Verslag Gilze Ultraloop

Jeroen Romeijn: “Daar zit hij dan – vaders – op zijn fiets naast me – onvoorwaardelijke steun. Iets wat mede de reden is dat ik vanmorgen in mijn zwart witte tenue acte de présence gaf tijdens zes rondjes om de kerk van Gilze.”

21 maanden is hij oud – heeft al 63x zoveel haar als zijn vader, maar we hebben beide het geduld van een paperclip.

Logisch als je twee en een half pak Brinta groot ben, waanzin als je reeds tien jaar hardloopt.

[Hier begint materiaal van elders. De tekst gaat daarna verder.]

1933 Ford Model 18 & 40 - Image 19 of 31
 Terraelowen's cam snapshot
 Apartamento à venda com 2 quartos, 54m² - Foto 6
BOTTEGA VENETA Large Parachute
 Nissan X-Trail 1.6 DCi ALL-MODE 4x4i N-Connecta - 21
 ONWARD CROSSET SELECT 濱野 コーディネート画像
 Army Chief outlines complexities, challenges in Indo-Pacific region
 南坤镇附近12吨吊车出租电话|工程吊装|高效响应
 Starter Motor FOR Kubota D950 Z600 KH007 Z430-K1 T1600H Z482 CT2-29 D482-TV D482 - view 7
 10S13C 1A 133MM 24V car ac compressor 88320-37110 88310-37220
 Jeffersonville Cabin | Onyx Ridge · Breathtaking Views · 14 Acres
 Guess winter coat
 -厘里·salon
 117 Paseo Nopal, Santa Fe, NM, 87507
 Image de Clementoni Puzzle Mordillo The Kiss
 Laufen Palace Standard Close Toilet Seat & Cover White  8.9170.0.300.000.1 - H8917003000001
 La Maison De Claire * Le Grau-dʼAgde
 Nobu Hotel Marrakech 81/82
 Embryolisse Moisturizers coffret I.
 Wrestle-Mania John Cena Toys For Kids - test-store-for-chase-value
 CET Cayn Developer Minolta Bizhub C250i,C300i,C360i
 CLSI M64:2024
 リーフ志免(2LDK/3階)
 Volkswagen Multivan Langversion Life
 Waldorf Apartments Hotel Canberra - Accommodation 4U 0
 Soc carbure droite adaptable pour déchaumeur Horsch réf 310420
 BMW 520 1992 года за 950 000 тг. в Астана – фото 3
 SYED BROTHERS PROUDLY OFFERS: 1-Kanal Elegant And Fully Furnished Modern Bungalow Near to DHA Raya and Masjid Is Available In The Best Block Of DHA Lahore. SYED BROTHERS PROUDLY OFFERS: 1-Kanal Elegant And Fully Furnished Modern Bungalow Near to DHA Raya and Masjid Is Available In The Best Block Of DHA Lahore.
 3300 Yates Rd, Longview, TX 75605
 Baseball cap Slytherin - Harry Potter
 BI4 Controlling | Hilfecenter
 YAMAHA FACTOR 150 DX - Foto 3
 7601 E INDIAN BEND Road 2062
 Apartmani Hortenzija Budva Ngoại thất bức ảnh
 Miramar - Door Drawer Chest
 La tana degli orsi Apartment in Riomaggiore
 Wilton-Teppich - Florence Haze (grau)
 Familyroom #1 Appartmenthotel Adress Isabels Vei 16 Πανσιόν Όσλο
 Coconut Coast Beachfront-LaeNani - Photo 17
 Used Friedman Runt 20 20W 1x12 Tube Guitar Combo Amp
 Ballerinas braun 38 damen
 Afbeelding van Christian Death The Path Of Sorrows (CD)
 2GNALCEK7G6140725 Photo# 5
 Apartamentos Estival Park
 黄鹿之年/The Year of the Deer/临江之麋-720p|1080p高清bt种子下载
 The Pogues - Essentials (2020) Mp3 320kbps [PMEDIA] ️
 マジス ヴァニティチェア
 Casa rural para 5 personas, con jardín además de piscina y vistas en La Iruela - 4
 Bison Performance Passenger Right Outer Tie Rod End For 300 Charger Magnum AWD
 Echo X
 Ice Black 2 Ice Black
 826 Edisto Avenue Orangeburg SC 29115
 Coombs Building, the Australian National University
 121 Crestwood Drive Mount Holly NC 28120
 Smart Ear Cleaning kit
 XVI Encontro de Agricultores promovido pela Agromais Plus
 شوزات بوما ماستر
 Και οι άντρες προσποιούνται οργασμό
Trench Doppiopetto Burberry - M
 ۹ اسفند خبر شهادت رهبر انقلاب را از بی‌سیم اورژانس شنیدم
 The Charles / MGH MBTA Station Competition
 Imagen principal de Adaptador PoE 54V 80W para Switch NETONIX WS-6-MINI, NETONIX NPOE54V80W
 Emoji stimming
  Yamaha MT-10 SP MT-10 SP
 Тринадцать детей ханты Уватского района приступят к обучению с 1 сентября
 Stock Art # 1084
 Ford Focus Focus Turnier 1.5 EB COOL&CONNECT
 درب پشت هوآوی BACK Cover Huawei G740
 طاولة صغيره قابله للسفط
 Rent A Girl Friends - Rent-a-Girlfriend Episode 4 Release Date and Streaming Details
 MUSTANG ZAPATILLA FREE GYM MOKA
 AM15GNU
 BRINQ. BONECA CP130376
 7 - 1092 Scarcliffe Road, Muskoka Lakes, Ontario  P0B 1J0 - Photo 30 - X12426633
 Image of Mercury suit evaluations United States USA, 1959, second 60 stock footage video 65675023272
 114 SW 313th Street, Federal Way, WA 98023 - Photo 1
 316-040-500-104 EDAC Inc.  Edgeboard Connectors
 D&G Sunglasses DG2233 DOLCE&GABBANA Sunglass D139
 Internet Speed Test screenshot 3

Toch is hij – Finn Jeroen Jan Romeijn de reden dat ik nog hardloop. Al vele malen heb ik aan stoppen gedacht, maar iets in hem drijft me ertoe dat ik elke avond in het donker mijn Nikes strik en eenzaam mijn kilometers afwerk. Heimwee heb ik op het moment dat ik de deur achter me dichttrek, maar de wil wint het van de emotie. (Meestal)

Hij speelt in bad met de blokjes en ik kijk op mijn telefoon wat er op het schema staat. “Wat gaat papa doen?” hollen zegt hij en daar ga ik…

Afgelopen winter besloot ik dat als ik ooit mijn droom wilde waarmaken (sub 7) ik eens hoognodig dingen moest gaan verbeteren. (Lees aanpakken)

Stap 1: trainer zoeken. Via Bert Flier (zeer verdienstelijk triatleet) kwam ik in aanraking met Marjolein Bil (zeer verdienstelijk ultra-trailster).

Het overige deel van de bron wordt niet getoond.